The German far-right Björn Höcke, one of the most extreme figures of his party, Alternative for Germany (AfD), and leader of the party in the state of Thuringia, was sentenced by the German justice system to a fine of 13,000 euros for having used a Nazi motto in a speech.

The trial began on April 18 and was held in the provincial court of Halle, in the federal state of Saxony-Anhalt, because it was in a nearby city, Merseburg, where Höcke first spoke the words during an election rally at the end May 2021.

“Everything for our homeland, everything for Saxony-Anhalt, everything for Germany,” Höcke said. “Everything for Germany” was the motto of the SA (Sturmabteilung), a paramilitary formation of the Nazi party that played a key role in Adolf Hitler’s conquest of power.

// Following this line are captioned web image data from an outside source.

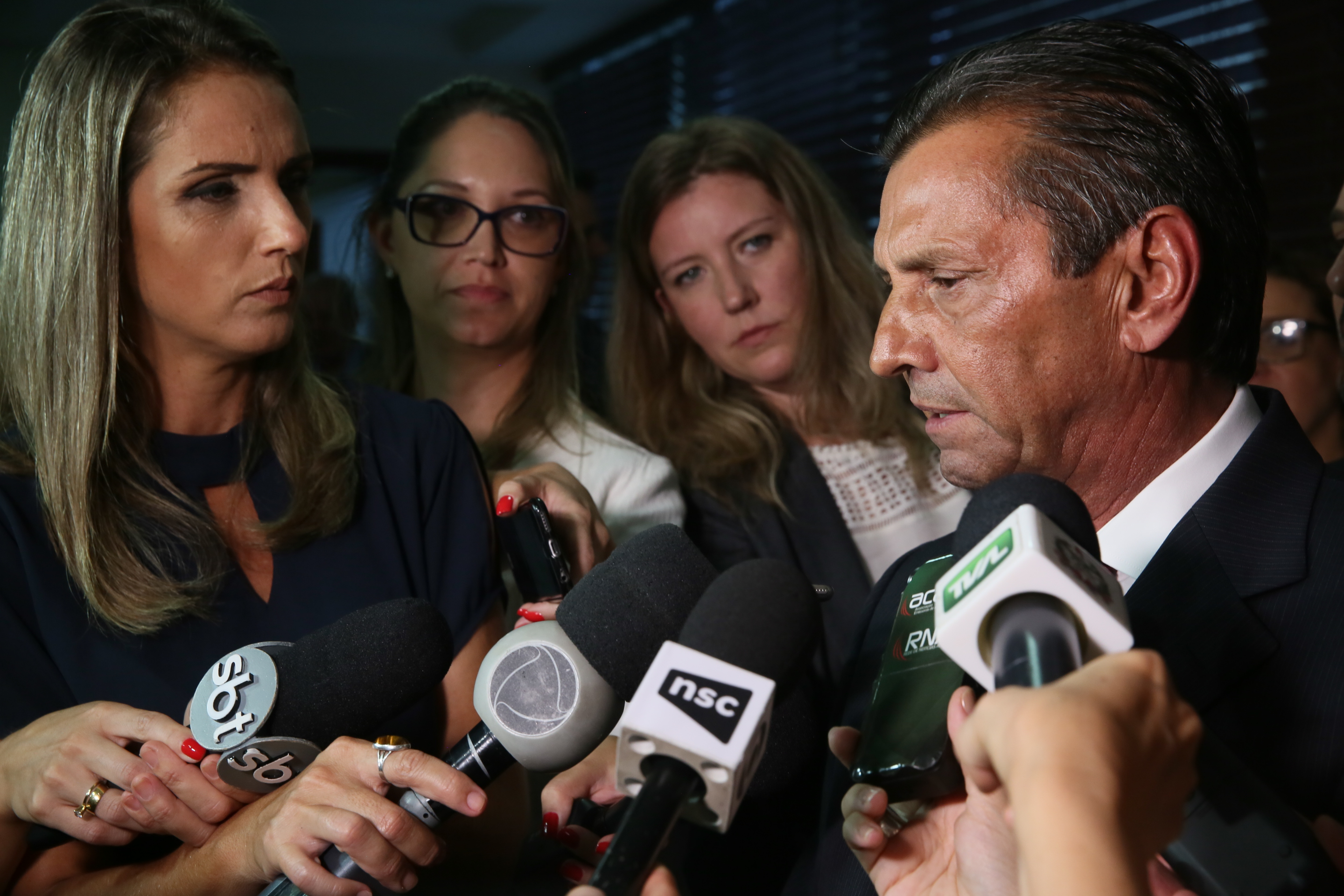 Presidente Julio Garcia recebe das mãos do Governador o projeto da Reforma Administrativa.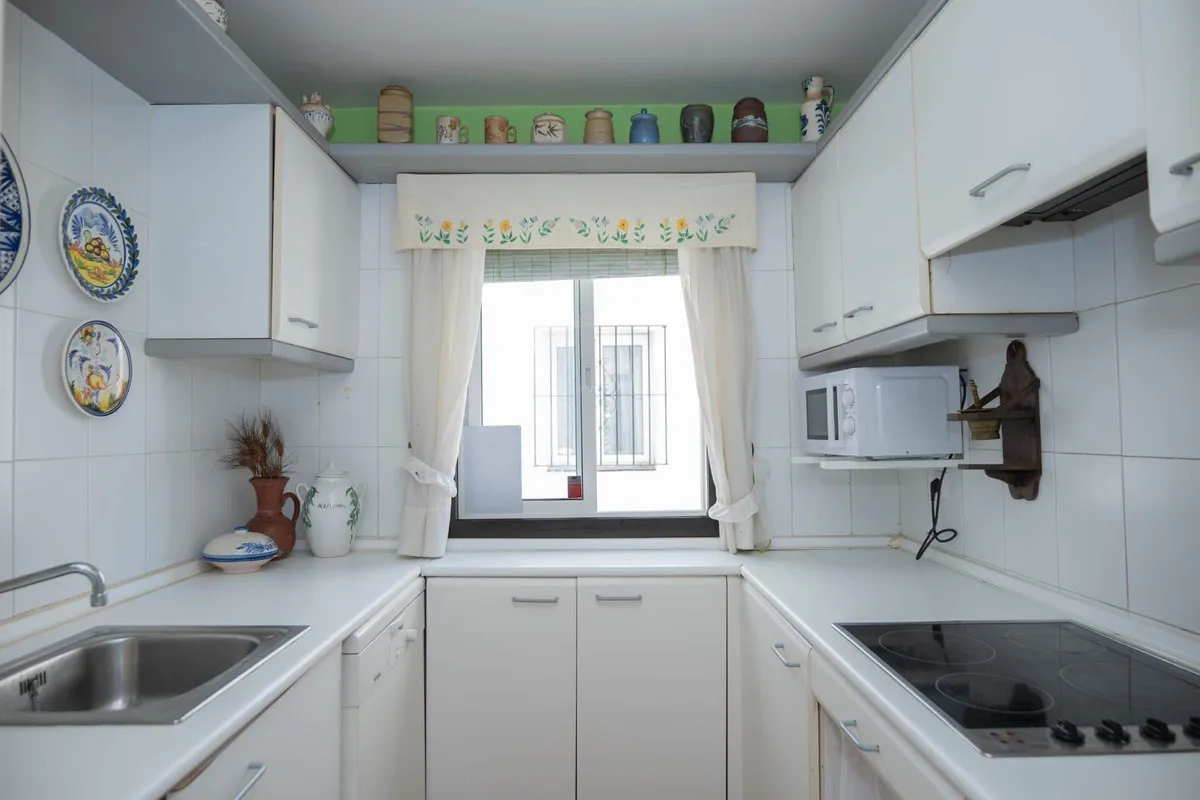 c7fb8f9d-3fcf-48f0-b33e-c7d03b6b525e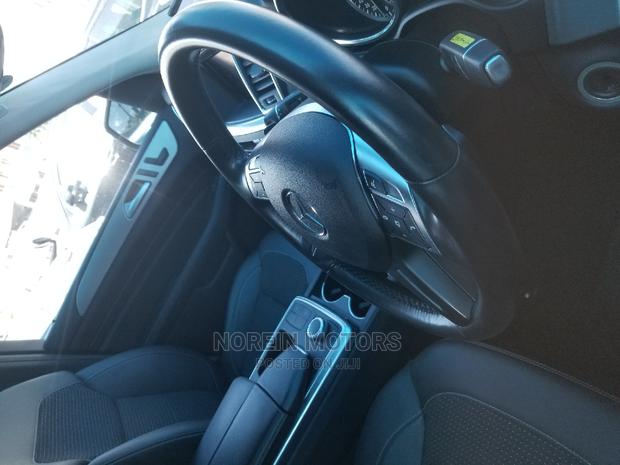 Sleek 2014 Mercedes-Benz M Class in Black - Certified Pre-owned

Björn Höcke, 52, a history teacher at a high school for fifteen years and leader of the Thuringian AfD since 2013, maintains that he was not aware of that reference to the phrase. His claims that he did not know it was an SA motto “are neither credible nor understandable,” said prosecutor Benedikt Bernzen. The Prosecutor’s Office requested six months in prison for Höcke, commutable to provisional release and a fine of 10,000 euros, while the defense had requested acquittal. The court finds it proven that Höcke used the phrase “Everything for Germany” knowing that it was a prohibited Nazi slogan.

German law prohibits the use of Nazi slogans or the public display of symbols of the Third Reich, and punishes this crime with up to three years in prison. However, Judge Jan Stengel said already at the beginning of the trial that a fine would be a sanction that the court would consider appropriate if he were found guilty. Before the sentencing, Höcke used his right to say a few last words, stating: “I feel politically persecuted.”

Björn Höcke was also to be tried on a second charge. Last December, at an AfD meeting in Gera, a city in Thuringia, he alluded to the same phrase, although without actually uttering it. He said: “Everything for…” and encouraged the attendees to continue, as they did by shouting: “…Germany.” However, the Halle court decided to separate the proceedings on this charge, as the defense alleged lack of sufficient time to prepare.

This process against Hocke has taken place three and a half months before the regional elections in this land of the former communist GDR, where the far-right AfD leads the polls with 30%. The Thuringian AfD is one of three regional branches of the party that are under surveillance by the Federal Office for the Protection of the Constitution (BfV) as a far-right extremist group.

In January 2017, Höcke called the Holocaust Memorial in Berlin a “monument of shame” during a speech in Dresden, the capital of Saxony, which led the party itself to consider his expulsion. However, a year later, the AfD refused to expel him from its ranks.